However, the processor 120 of the electronic device 100 of the present disclosure aligns the exponents of all the input values included in the input data through the first module 10 as the same value, so that the circuit that aligns the exponent of the input value on the second module 20 may be excluded.

For example, based on the input values included in the input data being 1000 and the sum calculation of each input value being performed a million times, the processor 120 performs the operation of aligning the exponent of the input data through the first module a thousand times.

The processor 120 may obtain an output value by performing the calculation between the second input data whose exponents are aligned as the same value and the quantized sign data of the weight data, and then performing the calculation between the calculation result data, the output data, and the scaling factor data.

For example, as shown in Equation 2 below, it is assumed that the binary coding method is quantized with a weight W of 3 bits.


WX≈(A0B0+A1B1+A2B2)*X   [Equation 2]

In Equation 2, A denotes the scaling factor data, B denotes the sign data, and X denotes the input data.

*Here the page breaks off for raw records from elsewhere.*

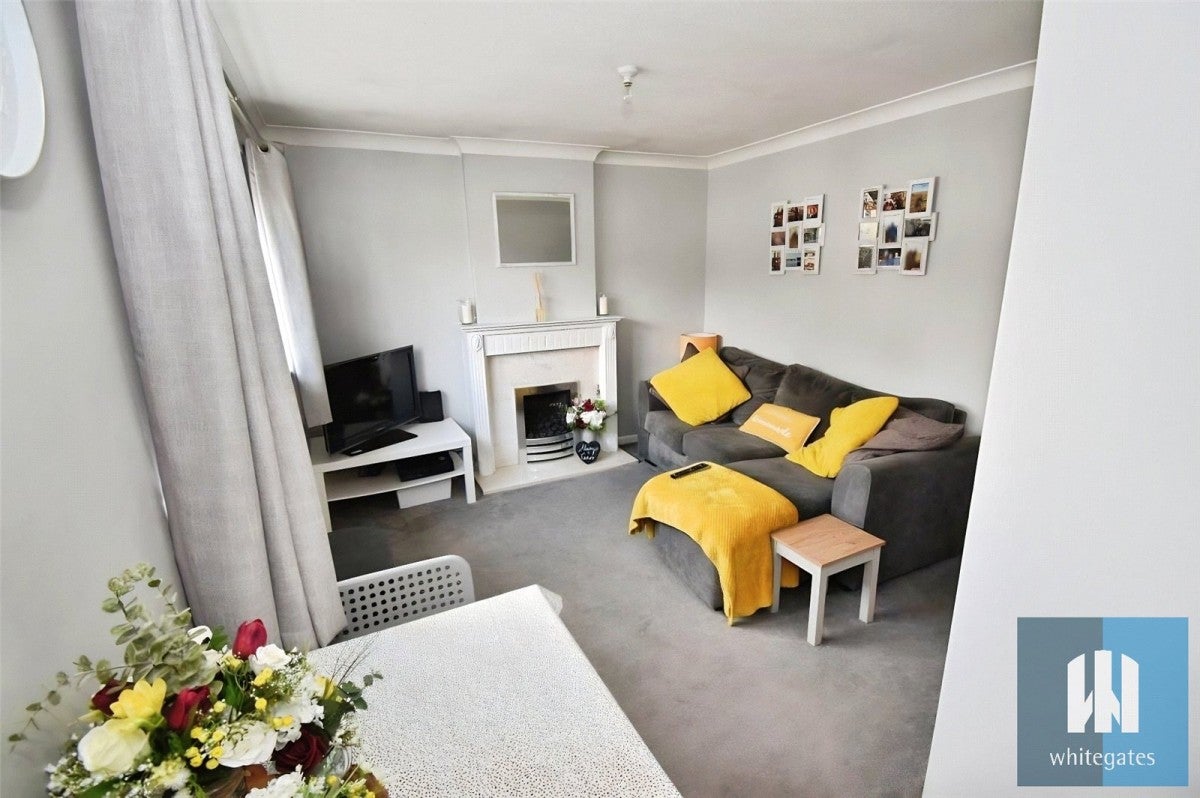 Flat Portland Close in Kirklees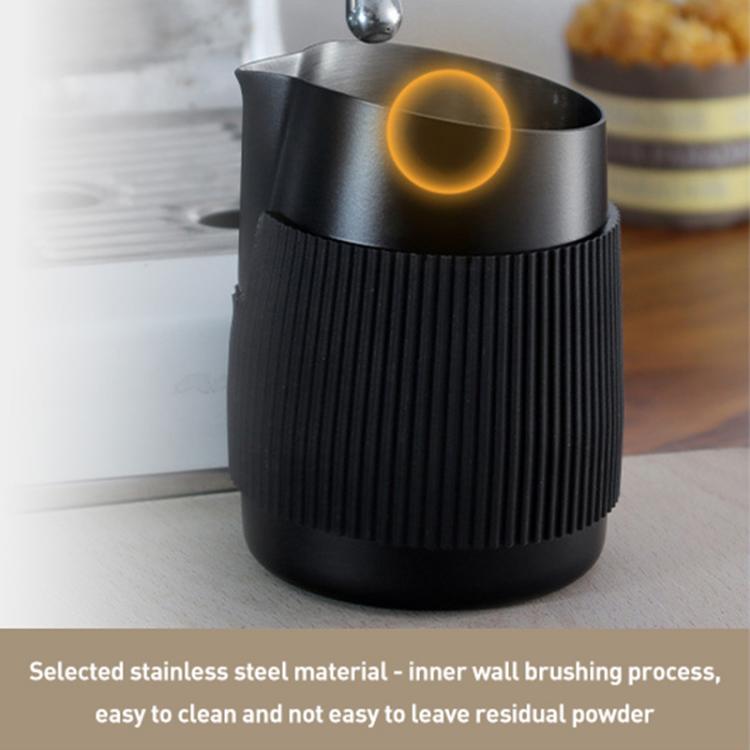 Tazza da latte art in acciaio inox da 420 ml con bocca obliqua, cilindro per schiumare il latte e caffè antiscottatura con scala graduata.
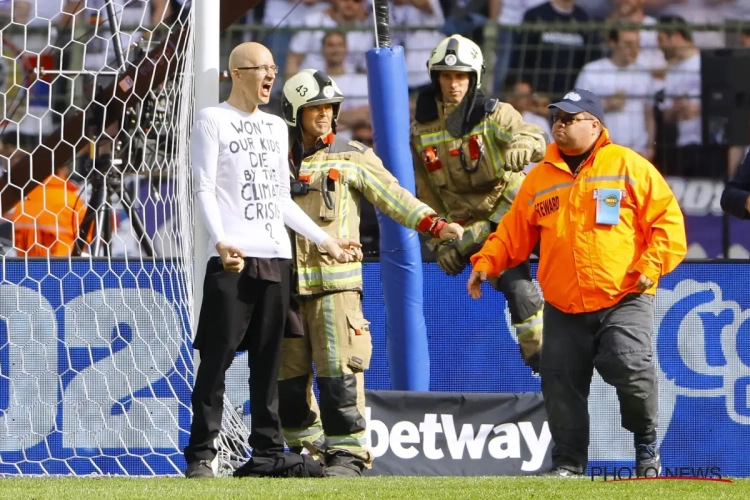 🎥 Finale de la Croky Cup: un homme s'attache au poteau en fin de match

The processor 120 may first calculate the input data X on each of B0, B1, and B2 according to a distributive law, and then calculate the calculation result data and the scaling factor data A0, A1, and A2, thereby obtaining an output value.

In this case, since B0, B1, and B2 are data included with a sign value of −1 or 1, the calculation between the input data X and B0, B1, and B2 may mean a process of determining the sign of the input data.

The situation for Equation 2 is shown in more detail in identification item 310 of FIG. 3. 310 is a case where A0, A1, and A2 are implemented in a 1×N matrix. As illustrated in the identification item 320, the processor 120 may determine the sign of the input data by first performing calculation on the input data X and each of B0, B1, and B2 according to the distribution law.

Hereinafter, the process of obtaining the first output data by the processor 120 using the second module 20 will be described.

The processor 120 may input the quantized sign data of the weight data and the second input data obtained by aligning the exponents as the same value to the second module 20, determine the sign of the input value included in the second input data, and perform the calculation between the input values of which signs are determined, thereby obtaining the first output data.

As illustrated in FIG. 2, the second module 20 may include a plurality of calculation modules having a systolic array. The systolic array refers to an array designed to perform one calculation according to a synchronization signal by configuring a connection network of modules and the like having the same function.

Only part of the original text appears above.